*** Opening of Data supplied ***

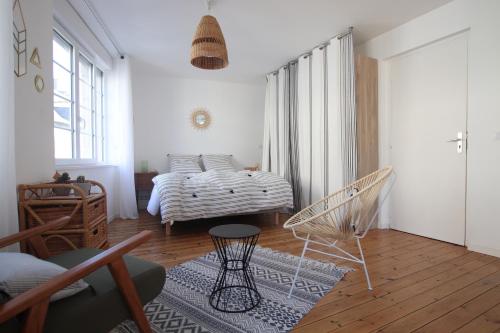 - une chambre avec un lit et une chaise dans l'établissement Grand Studio Bord de Mer, à Saint-Malo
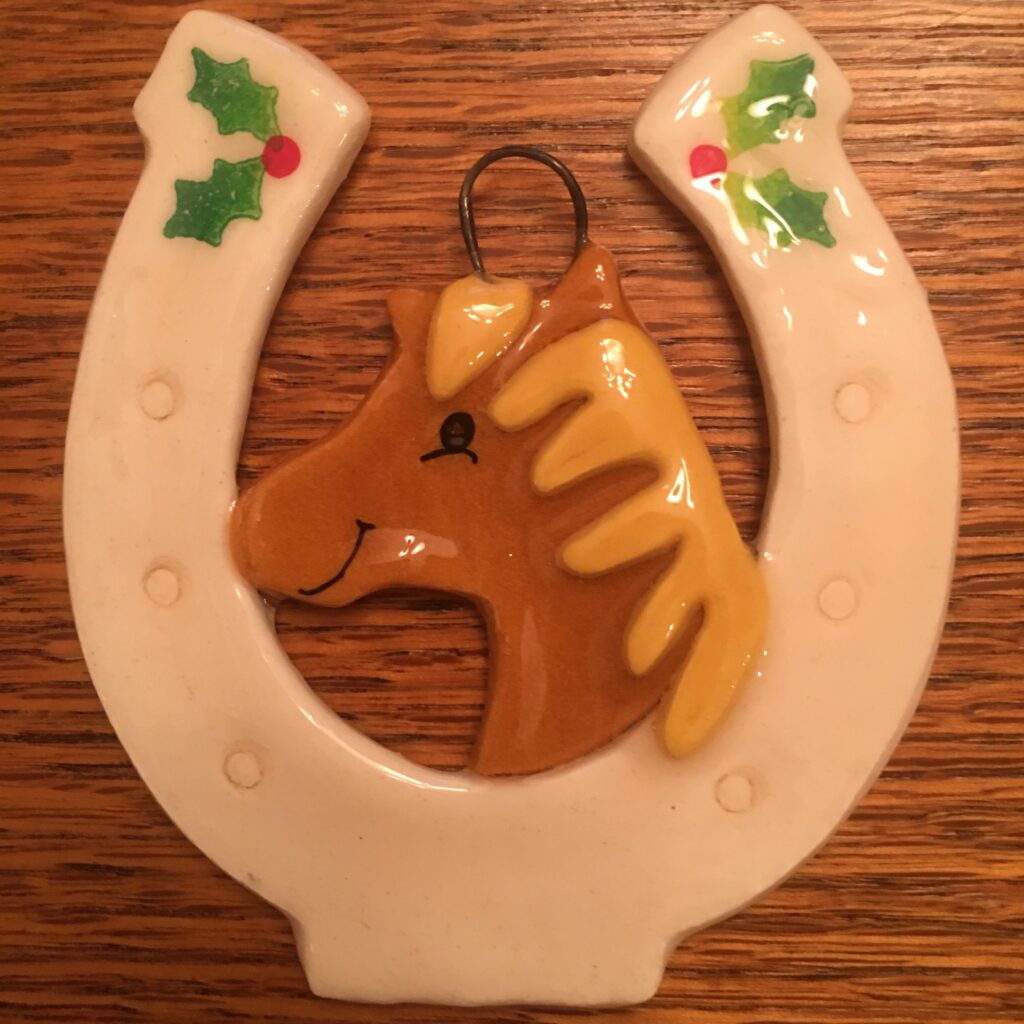 A horse ornament hanging on the wall.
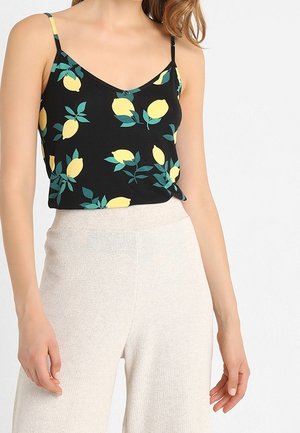 Kobieta w czarnej koszulce na ramiączkach z żółtym nadrukiem cytryn i białych, wysokich, teksturowanych spodniach na białym tle.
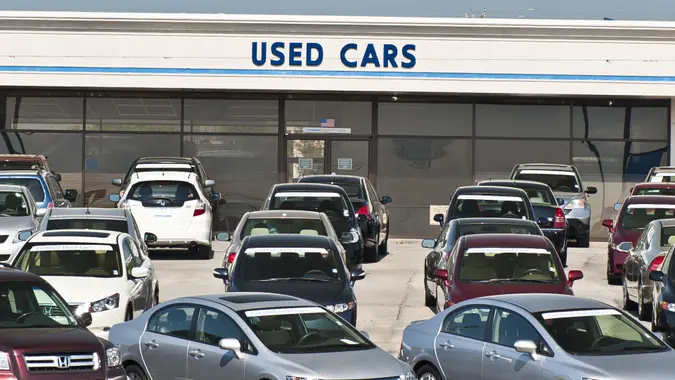 Alcoa, Tennessee, USA - April 10, 2011: The used car lot of a Honda dealer is dominated by late model used Hondas with a banner proclaiming them to be certified, that is to have a full Honda warranty.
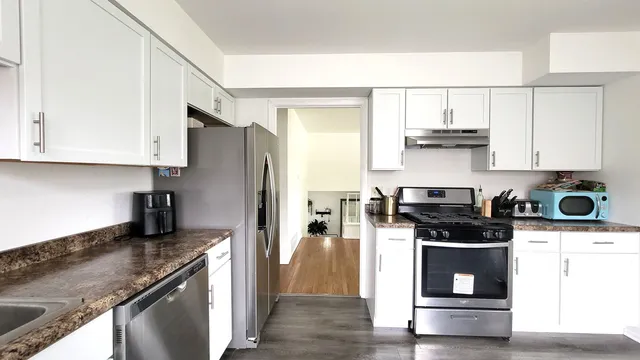 a kitchen with stainless steel appliances granite countertop a stove a refrigerator and a sink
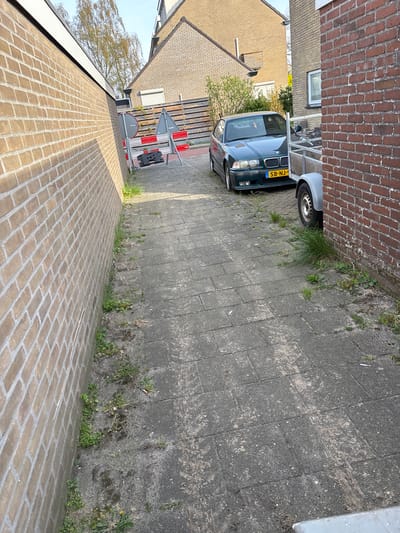 The scene depicts a narrow driveway or alleyway in Heemskerk, Netherlands. The alley is paved with grey interlocking blocks, and the bordering walls are constructed of red brick. Vegetation, including grass and weeds, grows sporadically along the edges of the paved area. A dark green BMW automobile with the license plate "SB-NJ-1" is partially visible, parked at the end of the alley. A trailer is parked behind the car. The surrounding buildings appear to be residential homes. The sky is partially visible in the upper left corner.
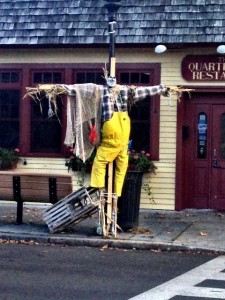 A fun fisherman scarecrow in front of Quarterdeck restaurant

*** Close of Data supplied ***

→ About this exercise
A precise repetition of every entry, free of pictures, is the expected answer.

→ Your solution
 - une chambre avec un lit et une chaise dans l'établissement Grand Studio Bord de Mer, à Saint-Malo
 A horse ornament hanging on the wall.
 Kobieta w czarnej koszulce na ramiączkach z żółtym nadrukiem cytryn i białych, wysokich, teksturowanych spodniach na białym tle.
 Alcoa, Tennessee, USA - April 10, 2011: The used car lot of a Honda dealer is dominated by late model used Hondas with a banner proclaiming them to be certified, that is to have a full Honda warranty.
 a kitchen with stainless steel appliances granite countertop a stove a refrigerator and a sink
 The scene depicts a narrow driveway or alleyway in Heemskerk, Netherlands. The alley is paved with grey interlocking blocks, and the bordering walls are constructed of red brick. Vegetation, including grass and weeds, grows sporadically along the edges of the paved area. A dark green BMW automobile with the license plate "SB-NJ-1" is partially visible, parked at the end of the alley. A trailer is parked behind the car. The surrounding buildings appear to be residential homes. The sky is partially visible in the upper left corner.
 A fun fisherman scarecrow in front of Quarterdeck restaurant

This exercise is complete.